Artists
Eliseu Meifrèn i Roig
Barcelona, 1857 - Barcelona, 1940
Eliseu Meifrèn i Roig was educated at the Llotja art school in Barcelona. As a young man he travelled to Paris, almost at the time of the first presentation of Impressionism. However, it would be a long time before this movement influenced him, as he initially espoused a conventional style of landscape painting. As early as 1879 he won a gold medal at the Regional Exhibition in Valencia, and from then onwards he participated very actively in group exhibitions in Europe and South America.
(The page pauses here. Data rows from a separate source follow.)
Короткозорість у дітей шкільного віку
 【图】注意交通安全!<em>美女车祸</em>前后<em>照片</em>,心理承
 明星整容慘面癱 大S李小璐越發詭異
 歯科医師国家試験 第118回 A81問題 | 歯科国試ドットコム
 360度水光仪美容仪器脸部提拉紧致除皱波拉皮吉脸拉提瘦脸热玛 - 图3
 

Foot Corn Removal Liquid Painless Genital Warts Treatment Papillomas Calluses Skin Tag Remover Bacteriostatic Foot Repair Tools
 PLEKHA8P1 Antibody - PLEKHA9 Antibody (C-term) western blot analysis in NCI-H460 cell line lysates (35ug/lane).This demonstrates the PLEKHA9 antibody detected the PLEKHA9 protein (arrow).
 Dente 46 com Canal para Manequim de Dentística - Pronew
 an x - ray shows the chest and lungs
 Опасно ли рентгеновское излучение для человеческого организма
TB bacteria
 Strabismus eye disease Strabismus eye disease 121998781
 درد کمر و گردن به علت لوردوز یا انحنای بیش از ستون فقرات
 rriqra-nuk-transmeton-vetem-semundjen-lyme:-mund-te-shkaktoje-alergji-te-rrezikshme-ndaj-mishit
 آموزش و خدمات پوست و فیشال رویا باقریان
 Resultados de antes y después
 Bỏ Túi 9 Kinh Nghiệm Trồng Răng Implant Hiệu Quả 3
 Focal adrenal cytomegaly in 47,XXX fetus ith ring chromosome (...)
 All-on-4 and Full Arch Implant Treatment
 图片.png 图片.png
His first solo exhibition was at the Sala Parés in Barcelona in 1890, and he held many more in Barcelona until 1939, as well as in Buenos Aires (1900, 1902, 1903, 1907 and 1909), Montevideo (1900), Madrid (1905, 1907, 1920, 1923, 1925, 1928 and 1936), Paris (1907), New York (1916), San Sebastian (1925), Palma de Mallorca (1929) and Bilbao (1936). In Barcelona he joined the Modernista group from its very beginnings, although he never completely bowed to its influence. For a while he adhered to the so-called Luminarist School of Sitges, the town which Santiago Rusiñol discovered through him. Even though he also practiced figure painting, his work was centred mainly on landscapes and seascapes, for which he travelled widely. He naturally painted many works in Catalonia, especially Cadaqués, but also in France (during several stays), Argentina (1900), the Canary Islands (1902), Majorca (1907) – where he directed the Palma School of Fine Arts – Belgium, Italy (1910), the United States (1915–17) and many other places. Prominent among his numerous prizes are the first-place medals at the Barcelona Exhibition of Fine Arts in 1896 and at the National Exhibition in Madrid in 1906, a first prize at the Buenos Aires National Exhibition of 1910, a medal of honour at the San Francisco Exhibition in 1915, first prize at the San Diego Exhibition of 1916 and the Premio Nonell awarded in Barcelona in 1935. He was a very prolific, solid and skilful painter and stood out for his landscapes, whose realism gradually opened up to the boldness of Impressionism, although he did not fully espouse this influence until the 1920s–1930s.